Top of Extracted information

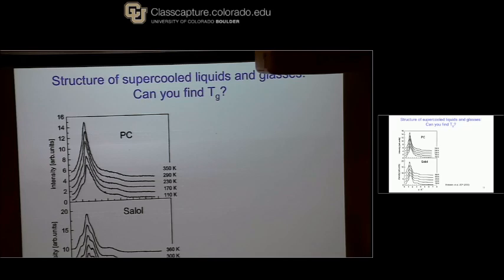I did want to show one example of a system where I think there really is a consistent connection between changes in structure and dynamics.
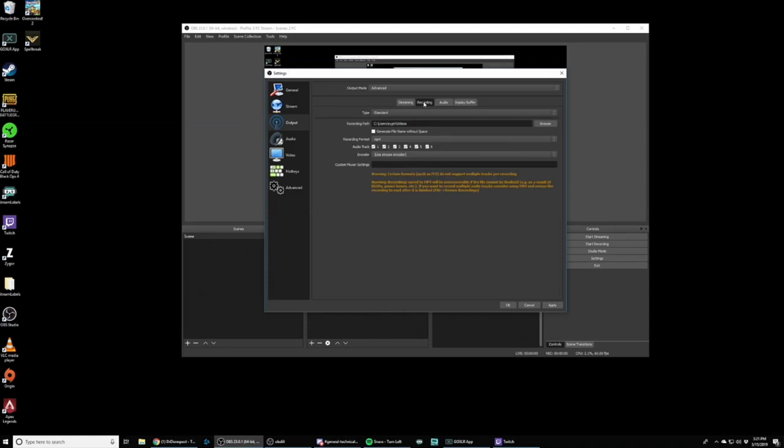In the recording tab, you have a choice of what audio tracks you want to record. I'm going to select all six. I want them to record all six of my tracks. The recording format in this scenario doesn't matter. So you can just keep it as is. I hit apply.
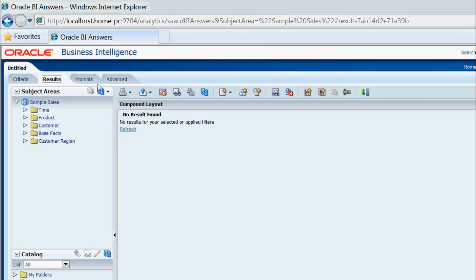By this way we can customize our error messages, replacing lengthy default messages with smaller, simpler ones. Thank you for watching this video.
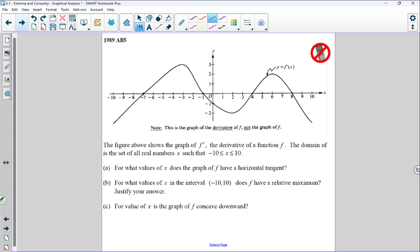Let's try another question — pause here, hit play when you're ready. The figure above shows the graph of f prime, the derivative of the function F. The domain is the set of all real numbers x such that x is between negative 10 and positive 10. Again, the graph of the derivative is given. This one also has a restricted domain from negative 10 to positive 10.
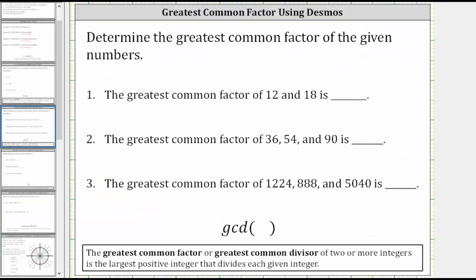The greatest common factor of 12 and 18 is 6, because 6 is the largest positive integer that divides both 12 and 18. The greatest common factor of 36, 54, and 90 is 18 — 18 is the largest positive integer that divides 36, 54, and 90. And the greatest common factor of 1,224, 888, and 5040 is 4 — 4 is the largest positive integer that divides 1,224, 888, and 5040.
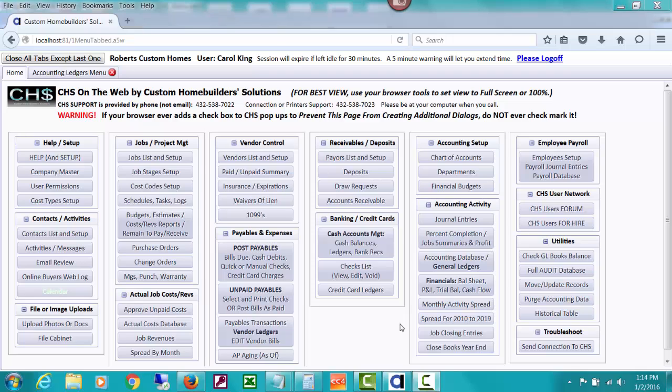Welcome to Custom Home Builder Solutions, also known as CHS, a job costing full accounting and profit management software for the professional home builder.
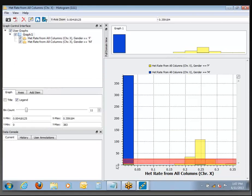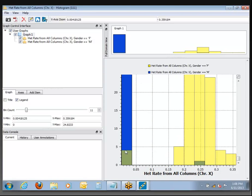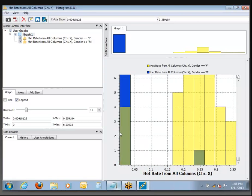You can zoom in on any plot by clicking and dragging along the axis. I clicked at about 30 and dragged down. I can get an idea of the actual count — it looks like there are four samples in this zone that were mistakenly labeled female, and it looks like one up here that was mistakenly labeled male.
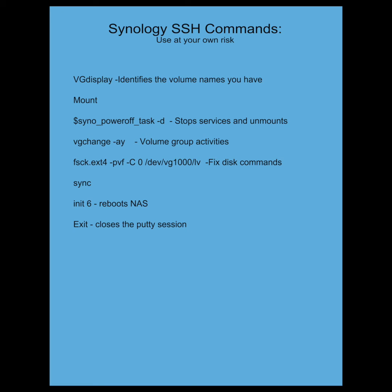Here's just a summary of some of the commands I found that were useful. This VG display is helpful in identifying the volume name. Hopefully it works out for you. This one worked out for me. So thanks everyone.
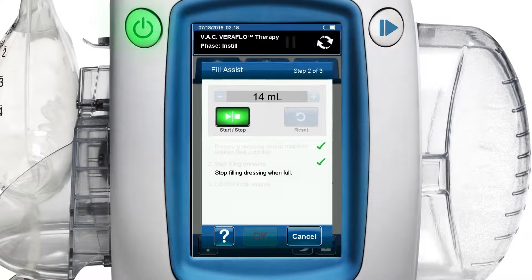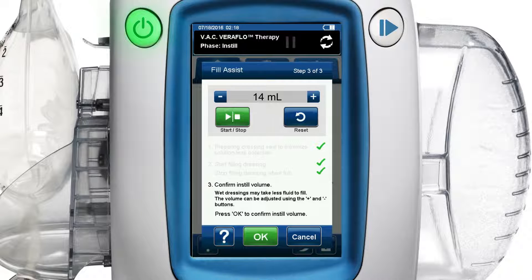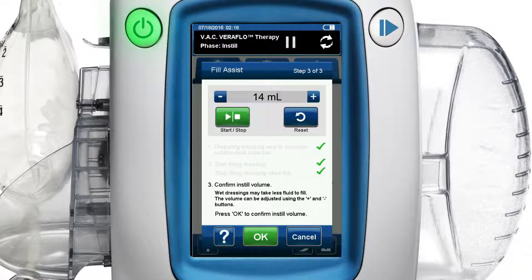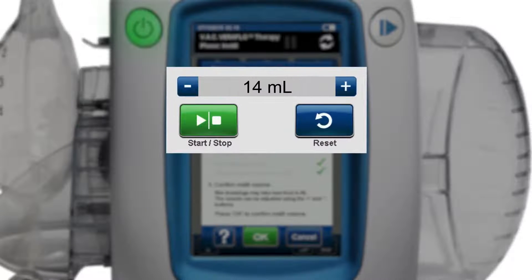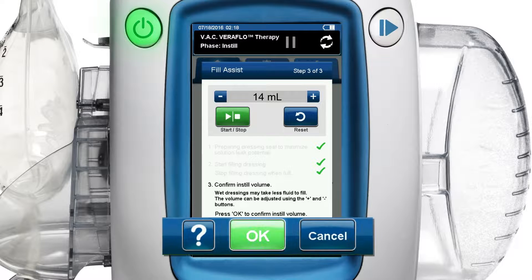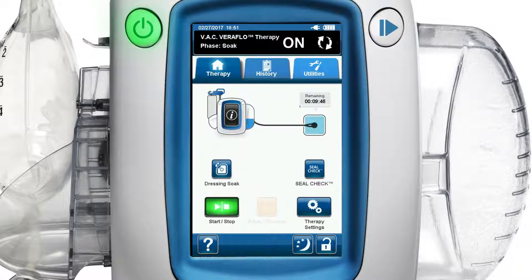Now step three of three of the fill assist screen appears, awaiting confirmation of the volume setting. Because wet dressings may take less fluid to fill than dry dressings, consider reducing the volume 10 to 20 percent by using the plus and minus buttons before pressing the OK button to confirm your fill volume and move to the next screen.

Bottom of Extracted information

### Problem details:
Begin at the top of the records above and retype each line exactly until the line containing "In the recording", which is included. Skip all pictures.

### Solution to the exercise:
I did want to show one example of a system where I think there really is a consistent connection between changes in structure and dynamics.
In the recording tab, you have a choice of what audio tracks you want to record. I'm going to select all six. I want them to record all six of my tracks. The recording format in this scenario doesn't matter. So you can just keep it as is. I hit apply.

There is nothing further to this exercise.